US Release Date: 12-26-1933
Directed by: Rouben Mamoulian
- Greta Garbo, as
- Queen Christina
- John Gilbert, as
- Ian Keith, as
- Lewis Stone, as
- Elizabeth Young, as
- Countess Ebba Sparre
- C. Aubrey Smith as
Greta Garbo in Queen Christina.
Queen Christina tells the story of the 17th Century Swedish royal and her ill-fated love affair with a Spanish courier. It is a romantic tragedy of the highest order, the kind only Garbo could make.
Wishing a respite from her constantly attended life, Queen Christina disguises herself as a young man and sets out to see some of her countryside. At a tavern she meets a courier named Antonio sent from the king of Spain. Unbeknownst to her, Antonio is carrying a proposal of marriage. Antonio (John Gilbert) takes an immediate liking to the "boy". In 1983 Barbra Streisand borrowed liberally from this scene in her movie Yentl. In both cases it is a stretch to believe that they are supposed to be boys, but you have to accept this fact to enjoy either film.

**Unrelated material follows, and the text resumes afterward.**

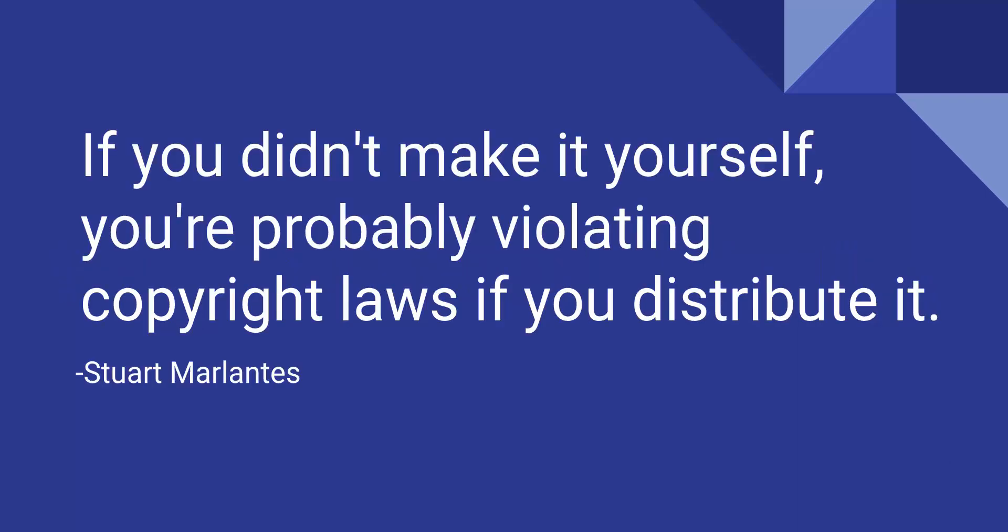If all else fails and you're unsure if it's going to break copyright laws or not, then you want to just fall back on this rule. So if you didn't make it yourself, you're probably violating copyright laws if you distribute it.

The Inn is booked solid so the 'boy' must room with Antonio. Forced with sharing a bed for the night, Christina reveals her true sex, but not her true identity. They fall instantly in love. The next morning Christina, realizing she cannot continue the charade, spends a few hopelessly romantic moments memorizing the details of the room. It is one of Garbo's most iconic scenes. She tells Antonio, "I have been memorizing this room. In the future, in my memory, I shall live a great deal in this room."
You can imagine Antonio's shock when he delivers his royal message to the Queen and discovers that she is the woman he fell in love with. From here the story moves quickly to its tragic conclusion. Antonio suffers mortal wounds in a duel and dies in his lover's arms aboard the ship they were planning on running away together in; Christina having abdicated her throne in order to be with her man.
The final shot of Christina on the prow of the ship staring into space is a miracle. Garbo never changes expression, hell she doesn't even blink. It is a truly stellar and incredibly moving moment in cinema.
Well, I think I've gushed enough for one review. All I can say is "SEE THIS FILM!"